ETHNOPHARMACOLOGICAL RELEVANCE: Buyang Huanwu Decoction (BYHWD), a traditional Chinese medicine (TCM) formulation renowned for its properties in replenishing qi and promoting blood circulation, corresponds closely with the pathophysiological framework of "qi deficiency and blood stasis" observed in vascular cognitive impairment (VCI). Consequently, there is a critical need to validate its therapeutic efficacy and elucidate the pharmacological mechanisms underlying its use in VCI treatment. AIM OF THE STUDY: This investigation aimed to systematically assess the therapeutic effects of BYHWD on VCI and to clarify the molecular mechanisms involved. MATERIALS AND METHODS: The bioactive constituents of BYHWD were characterized via UHPLC-MS/MS. A rat model of VCI was established through two-vessel occlusion (2VO). Experimental groups received oral gavage administration of BYHWD at dosages of 6.4, 12.8, and 25.6 g/kg daily for four weeks, with Ginaton (14.4 mg/kg) employed as a positive control. Cerebral blood flow was assessed using laser speckle imaging. Cognitive performance was evaluated through the Morris water maze (MWM) test. Histopathological changes in brain tissue were assessed by Nissl and LFB staining. To investigate pharmacological mechanisms, ELISA, immunohistochemistry, Western blot, and immunofluorescence analyses were conducted. Additionally, in vitro studies utilized an oxygen-glucose deprivation (OGD) model in BV2 microglial cells, with intervention by the p53 activator Nutlin-3 to further validate mechanistic pathways.
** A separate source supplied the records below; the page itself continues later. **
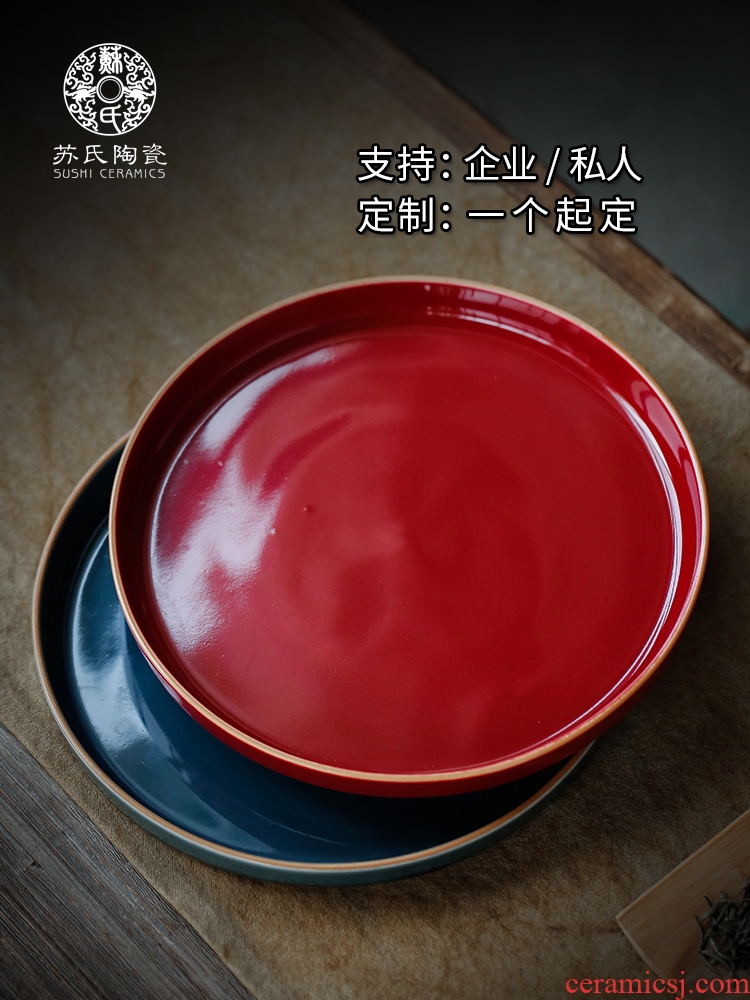 Su ji red ceramic trays round tea tray saucer kung fu tea accessories dry pan ji the qing
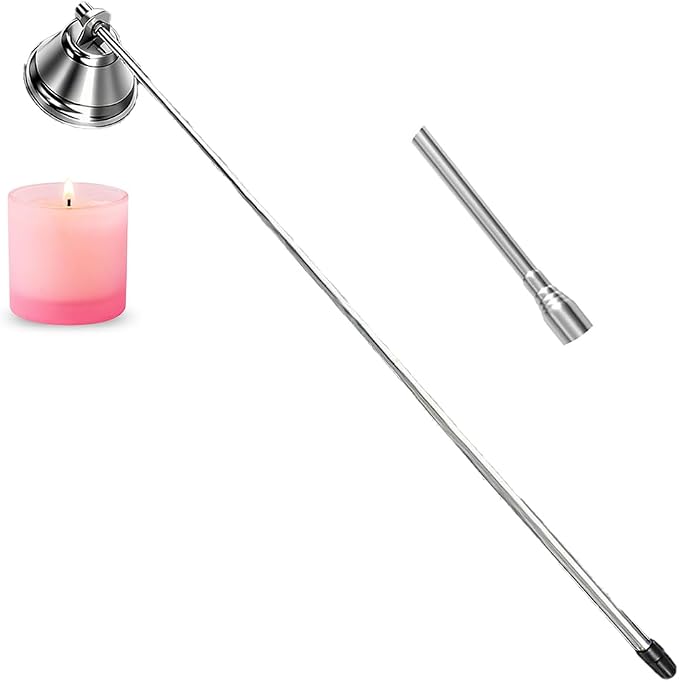 Ouliget Candle Snuffer with Extendable Long Handle,Polished Stainless Steel Wick Flame Snuffer for Tea Light Candles,Candle Tool for Putting Out Extinguishing Flame Safely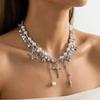 Layered Pearl Cross Star Pendant Choker Necklace Women Hollow Out Celestial Fringe Design Fashionable Chain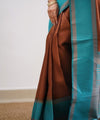 Coffee Kanjivaram Silk Saree | Traditional Zari Weave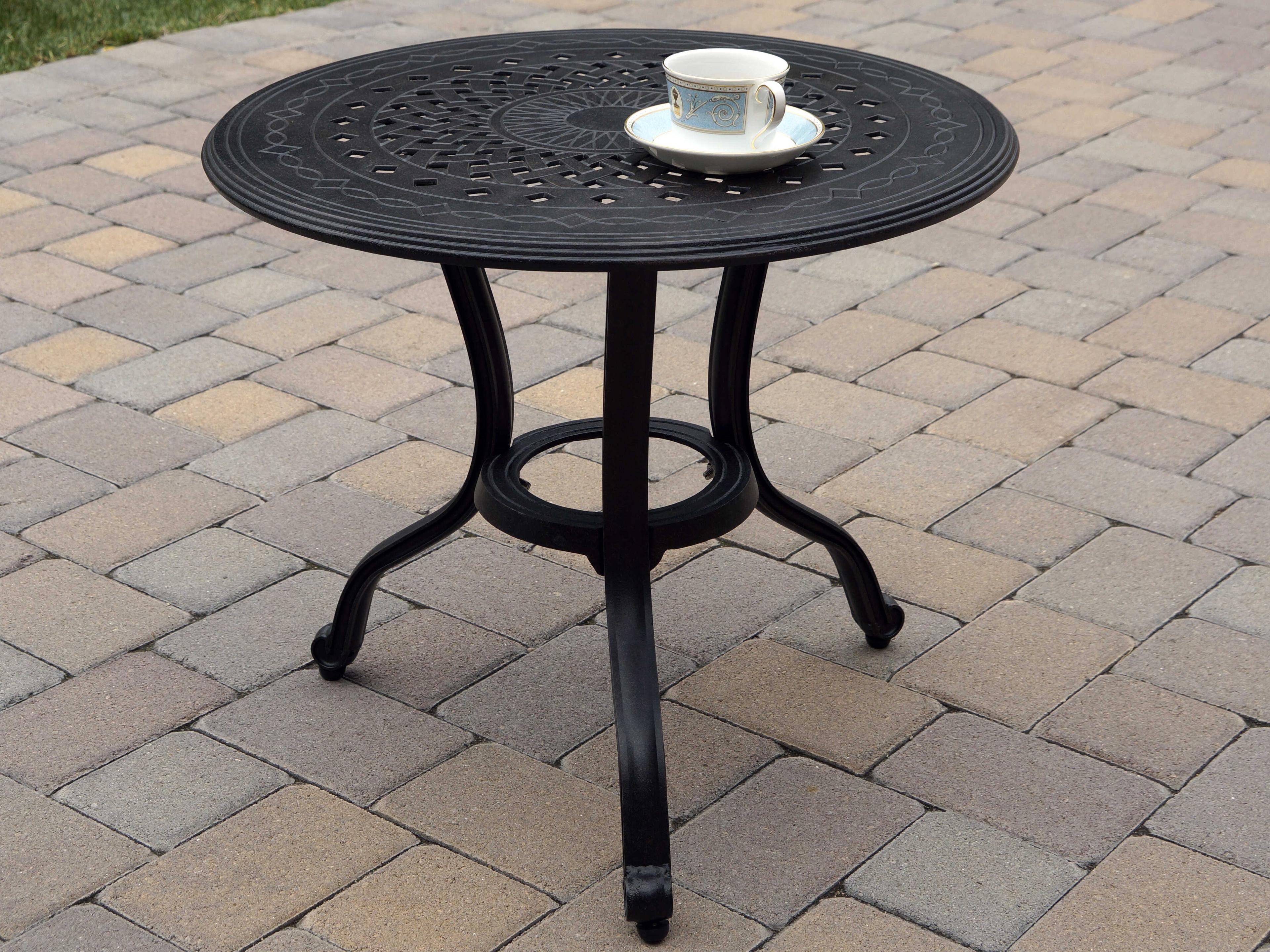 Darlee Outdoor Living Nassau Cast Aluminum Antique Bronze Lounge Set in Sesame Cushions and 24'' Wide Round End Table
RESULTS: Administration of BYHWD markedly enhanced learning and memory functions, increased cerebral perfusion, and mitigated neuronal loss and white matter injury in 2VO rats. Furthermore, BYHWD significantly inhibited microglial activation and decreased the secretion of pro-inflammatory cytokines. Mechanistic investigations demonstrated that BYHWD downregulated the expression of proteins associated with the p53/cGAS/STING signaling pathway in the 2VO model. In vitro, activation of p53 by Nutlin-3 negated the neuroprotective effects of BYHWD on OGD-induced BV2 cells and concurrently intensified inflammatory responses. CONCLUSION: BYHWD ameliorates cognitive deficits and neuropathological damage in 2VO rats primarily through suppression of the p53/cGAS/STING signaling cascade and attenuation of neuroinflammation. This study provides strong pharmacological evidence for the early prevention and clinical treatment of VCI.